# -62 or -80 or none



## JLM322 (Dec 13, 2011)

My doctor assisted with a urologosit on TST procedure. The urologist left the OR and my doctor proceeded to perform a vaginal hysterectomy with the midwife assisting him. For the TST procedure do I use a -80 for my doctor's assist? What if the Urologist stayed and assisted him? Does this warrant a -62 modifier and would I append the modifier to each procedure? I need a quick tutorial on the -62 modifier.

All help is appreciated!

Joanna


----------



## FTessaBartels (Dec 13, 2011)

*62 modifier*

The 62 modifier is used when TWO surgeons EACH perform a UNIQUE part of a procedure.

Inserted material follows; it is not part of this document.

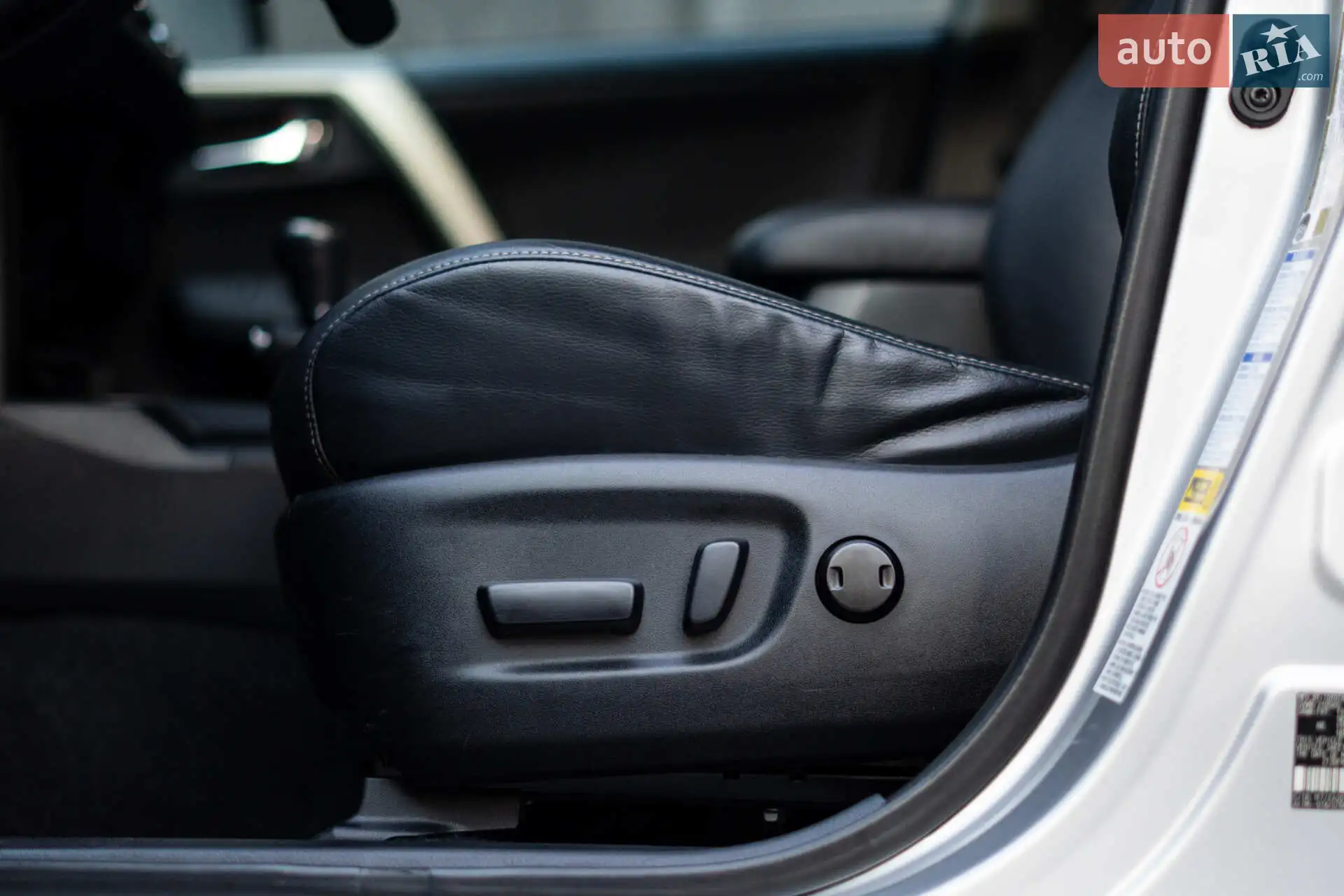 2015 Toyota RAV 4 - мініатюра 23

For example, anterior spinal fusion, lumbar - CPT 22558
Frequently a general surgeon will open, displace the organs to provide an approach - then scrub out.
The orthopeadic surgeon will then perform the actual arthrodesis
The general surgeon scrubs back in to replace the organs and close.
Each surgeon dictates his/her own operative note, listing the OTHER surgeon as co-surgeon.  
And, each surgeon reports 22558 [62]


This doesn't sound like what you have, but without reading the entire op note(s), it's hard to tell.  

Hope that helps.

F Tessa Bartels, CPC, CEMC


----------



## JLM322 (Dec 13, 2011)

How about a laparoscopy? One performed a LSO and the other did a chole? Would that fit the situation?


----------



## RonMcK3 (Dec 13, 2011)

I'm learning. What is an LSO? Lumbar Sacral Orthosis or Left Salpingo-Oophorectomy?

Thanks,


----------



## JLM322 (Dec 14, 2011)

Left Salpingo-oopherectomy via laparoscope


----------



## ajs (Dec 15, 2011)

JLM322 said:


> How about a laparoscopy? One performed a LSO and the other did a chole? Would that fit the situation?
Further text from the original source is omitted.